*** Data for the task ***

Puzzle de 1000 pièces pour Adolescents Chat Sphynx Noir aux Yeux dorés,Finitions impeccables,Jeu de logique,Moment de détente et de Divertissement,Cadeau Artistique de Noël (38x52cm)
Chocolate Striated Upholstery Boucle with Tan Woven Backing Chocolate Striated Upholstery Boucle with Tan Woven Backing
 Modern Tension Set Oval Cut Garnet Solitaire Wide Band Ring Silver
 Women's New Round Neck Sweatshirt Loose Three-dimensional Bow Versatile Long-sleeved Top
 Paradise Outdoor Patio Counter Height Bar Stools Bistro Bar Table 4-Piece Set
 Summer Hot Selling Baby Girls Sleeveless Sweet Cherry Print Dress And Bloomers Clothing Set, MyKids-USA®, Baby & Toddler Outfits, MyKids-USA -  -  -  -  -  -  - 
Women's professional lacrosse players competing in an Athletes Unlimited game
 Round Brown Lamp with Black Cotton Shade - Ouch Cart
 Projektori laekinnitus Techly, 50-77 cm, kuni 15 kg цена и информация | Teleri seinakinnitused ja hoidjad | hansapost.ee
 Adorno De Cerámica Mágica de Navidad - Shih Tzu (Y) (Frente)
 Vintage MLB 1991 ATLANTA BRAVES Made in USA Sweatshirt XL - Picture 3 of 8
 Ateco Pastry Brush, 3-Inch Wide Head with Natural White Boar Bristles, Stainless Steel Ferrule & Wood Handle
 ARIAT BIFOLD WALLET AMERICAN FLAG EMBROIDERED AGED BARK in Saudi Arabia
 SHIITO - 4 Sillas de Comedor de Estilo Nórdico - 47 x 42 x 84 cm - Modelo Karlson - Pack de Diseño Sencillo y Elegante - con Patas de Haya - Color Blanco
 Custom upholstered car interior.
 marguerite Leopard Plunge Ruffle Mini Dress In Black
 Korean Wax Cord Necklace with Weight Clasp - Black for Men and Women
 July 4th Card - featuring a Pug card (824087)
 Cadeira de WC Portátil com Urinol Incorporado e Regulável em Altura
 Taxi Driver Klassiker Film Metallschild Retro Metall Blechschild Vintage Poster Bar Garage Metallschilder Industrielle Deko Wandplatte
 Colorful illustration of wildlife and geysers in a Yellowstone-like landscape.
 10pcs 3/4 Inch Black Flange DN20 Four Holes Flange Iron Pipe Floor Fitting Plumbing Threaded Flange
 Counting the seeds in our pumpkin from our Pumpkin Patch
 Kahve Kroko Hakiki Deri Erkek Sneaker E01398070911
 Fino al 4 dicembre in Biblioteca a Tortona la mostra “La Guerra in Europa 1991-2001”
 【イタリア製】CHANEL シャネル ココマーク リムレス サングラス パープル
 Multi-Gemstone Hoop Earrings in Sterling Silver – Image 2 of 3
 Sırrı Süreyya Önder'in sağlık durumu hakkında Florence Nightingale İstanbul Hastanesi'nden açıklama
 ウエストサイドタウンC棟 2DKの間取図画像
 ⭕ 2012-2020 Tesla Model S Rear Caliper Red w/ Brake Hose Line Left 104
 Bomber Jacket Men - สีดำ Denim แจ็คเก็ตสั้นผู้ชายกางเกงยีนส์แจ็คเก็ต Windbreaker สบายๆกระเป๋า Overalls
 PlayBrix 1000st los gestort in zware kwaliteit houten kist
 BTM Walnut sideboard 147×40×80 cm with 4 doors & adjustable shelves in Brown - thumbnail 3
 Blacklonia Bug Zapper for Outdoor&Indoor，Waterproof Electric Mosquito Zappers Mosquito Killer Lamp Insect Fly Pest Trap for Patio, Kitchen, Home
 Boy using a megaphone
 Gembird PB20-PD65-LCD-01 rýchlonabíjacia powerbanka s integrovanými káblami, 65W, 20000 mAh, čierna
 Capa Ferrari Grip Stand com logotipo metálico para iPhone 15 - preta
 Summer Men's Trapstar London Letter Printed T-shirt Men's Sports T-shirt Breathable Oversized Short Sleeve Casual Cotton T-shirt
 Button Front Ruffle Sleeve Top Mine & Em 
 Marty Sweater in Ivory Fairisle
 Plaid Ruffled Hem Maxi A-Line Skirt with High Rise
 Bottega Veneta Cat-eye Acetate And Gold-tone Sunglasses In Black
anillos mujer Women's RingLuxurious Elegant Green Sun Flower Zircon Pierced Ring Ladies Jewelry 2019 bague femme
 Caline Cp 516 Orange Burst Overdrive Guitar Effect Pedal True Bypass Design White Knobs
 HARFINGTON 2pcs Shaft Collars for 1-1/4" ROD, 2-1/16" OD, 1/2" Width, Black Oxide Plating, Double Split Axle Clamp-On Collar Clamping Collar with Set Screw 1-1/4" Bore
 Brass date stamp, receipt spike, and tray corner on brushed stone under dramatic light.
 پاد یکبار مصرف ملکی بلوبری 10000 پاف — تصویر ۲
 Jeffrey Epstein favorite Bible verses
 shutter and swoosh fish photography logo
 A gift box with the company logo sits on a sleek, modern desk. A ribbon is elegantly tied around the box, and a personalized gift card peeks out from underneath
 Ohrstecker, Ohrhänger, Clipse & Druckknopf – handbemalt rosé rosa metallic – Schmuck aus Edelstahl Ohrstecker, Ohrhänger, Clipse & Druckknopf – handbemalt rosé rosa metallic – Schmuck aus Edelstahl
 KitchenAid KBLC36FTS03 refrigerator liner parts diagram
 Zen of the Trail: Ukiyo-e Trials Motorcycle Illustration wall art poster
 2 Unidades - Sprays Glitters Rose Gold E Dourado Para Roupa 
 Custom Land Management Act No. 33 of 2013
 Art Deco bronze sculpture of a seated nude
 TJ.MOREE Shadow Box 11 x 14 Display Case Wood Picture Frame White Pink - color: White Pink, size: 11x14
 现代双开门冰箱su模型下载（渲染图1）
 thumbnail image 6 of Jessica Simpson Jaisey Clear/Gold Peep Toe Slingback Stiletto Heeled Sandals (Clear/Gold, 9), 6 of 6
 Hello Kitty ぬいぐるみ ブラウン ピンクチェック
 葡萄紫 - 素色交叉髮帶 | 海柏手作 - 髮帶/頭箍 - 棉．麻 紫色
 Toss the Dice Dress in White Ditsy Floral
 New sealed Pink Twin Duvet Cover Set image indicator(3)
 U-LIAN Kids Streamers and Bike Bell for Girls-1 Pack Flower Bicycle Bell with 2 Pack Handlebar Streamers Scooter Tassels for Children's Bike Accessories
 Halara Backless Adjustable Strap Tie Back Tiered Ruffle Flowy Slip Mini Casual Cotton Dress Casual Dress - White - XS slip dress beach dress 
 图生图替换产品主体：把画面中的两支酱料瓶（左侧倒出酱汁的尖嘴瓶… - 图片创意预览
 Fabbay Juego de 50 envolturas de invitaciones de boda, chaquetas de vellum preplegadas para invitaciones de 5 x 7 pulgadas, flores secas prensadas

*** End of Data for the task ***

Exercise brief — The lines to extract from the data above begin with the line containing "Custom upholstered car interior." and end with the line containing "Taxi Driver Klassiker". Extract them exactly, including both.

Exercise answer —
 Custom upholstered car interior.
 marguerite Leopard Plunge Ruffle Mini Dress In Black
 Korean Wax Cord Necklace with Weight Clasp - Black for Men and Women
 July 4th Card - featuring a Pug card (824087)
 Cadeira de WC Portátil com Urinol Incorporado e Regulável em Altura
 Taxi Driver Klassiker Film Metallschild Retro Metall Blechschild Vintage Poster Bar Garage Metallschilder Industrielle Deko Wandplatte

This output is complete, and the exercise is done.